Sudan: When Fear Informs Investment

Published on 24th March 2009

When two high ranking officials in US President Obama’s Administration were disturbed for failing to pay their income taxes, they resigned. This is even after they had actually paid the tax arrears. The fact of concern was that they delayed paying the tax at a time they were due.


This cannot happen in Sudan, and  in many African countries. As a matter of fact, in the neighboring Kenya, members of parliament have made every effort to ensure that they are not taxed even when Kenyans have demanded that they pay tax like anyone else. To the contrary, some of our leaders would rather engage in financial flight to hide their fortunes in foreign banks. The question then is, does our leaders’ conscience disturb them at all ? Do they feel they are smart to evade taxation and steal public funds in personal foreign banks?


I have no quarrel with anyone who wishes to invest overseas from his or her honest income. Equally so, I have no quarrel with anyone who opts to bank honest income in foreign banks. The problem in South Sudan is the fear of the future. It is said that once bitten, twice shy. Accordingly the Sudanese  recall the sufferings they went through during the struggle and vow  never again to live in Nairobi slums and refugee camps. They recall days when they were evicted from their slum dwellings over rent areas or harassed by the police for inability to bribe the police.


Fear of the future therefore compels those who can to purchase expensive state of the art homes in posh areas of Nairobi or Kampala. The plan is, one buys two homes: one to live in with family and the other to generate income from rent to feed the family.


To manage such an investment, one would have to seek a bank loan. It is unlikely that between 2005 (when the Comprehensive Peace Agreement was signed) and now, anyone in South Sudan would have made a saving particularly from public service to afford such an investment. Accordingly, one should be excused for thinking that it is likely that embezzlement from public fund enables such investment.


Be it as it may, why should we fear the future? There is a song whose lyrics affirm that the future is ours to make. It is upon us to map out our destiny in a manner that we should have no reason to fear the future. It  is when we let others shape our future that we fear the future.
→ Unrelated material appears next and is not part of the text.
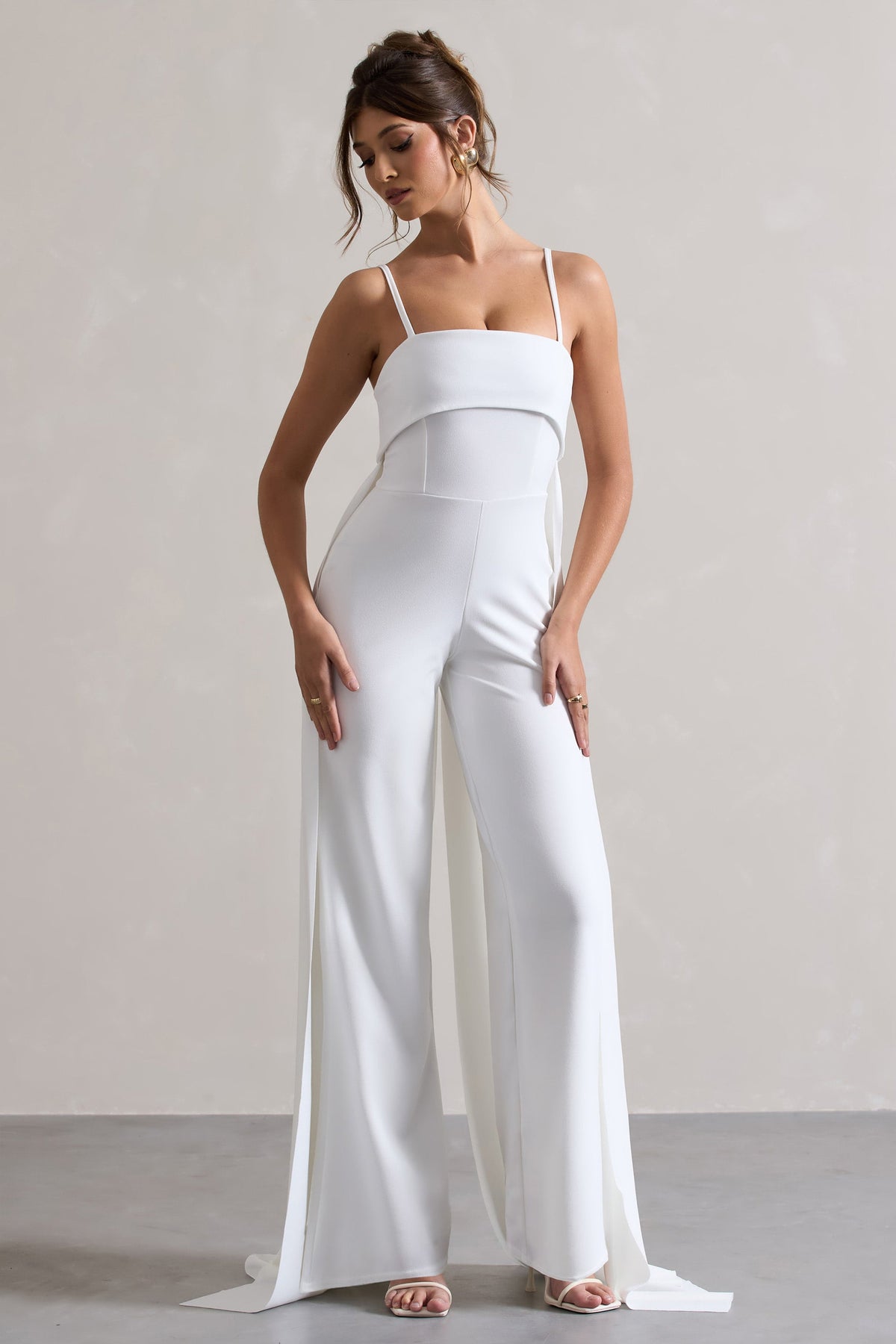 Amaya | White Bandeau Wide-Leg Jumpsuit With Cape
The fear of the future is based on the assumption that the North could lead us to another war to make it impossible to hold a referendum in which  the majority will vote for succession. If this is the cause of fear, we should be in a state of preparedness and avoid entertaining malignant designs for war.


Such state of preparedness should include plans to ensure that ethnic violence does not take place. We should perpetually work for unity of purpose as  well as  consolidate national cohesion and reconciliation. By removing the fear of another North-South war and the possibility of South-South war, the fear of the future should cease to disturb us and instead go for full fledged development of South Sudan.


One of the major consequence of the fear of the future is its by-product namely, corruption. They engage in corrupt practices in a bid to raise funds for investment in foreign lands. As it is well known, corruption is a cancer. Once it takes root, it becomes hard to uproot. In addition, it breeds a culture of impunity in which those involved cease to care about the harm they cause to society. It is for these reasons that we should not give the fear of the future a chance. We should always remember that today walks into tomorrow. What we sow today is what we shall harvest tomorrow. The future is ours to make.


It always disturbs me when I see the sons and daughters, widows of the martyrs suffering. Their beloved ones made a sacrifice to deliver us from  slavery enforced on the dark skinned people of Southern Sudan, Nuba Mountain and Kordufan and other marginalized people of Sudan as a whole.


It is the right time for our leaders who have participated in the struggle to acknowledge those heroes and heroines whom they have fought alongside with for the common cause of liberation of our beloved country. I urge our leaders and particular the President of the Government of Southern Sudan (Goss) Gen Salva Kiir to give greater priority to children and women orphaned by the war. I normally sympathize with them because they are still paying the cost of the liberation struggle.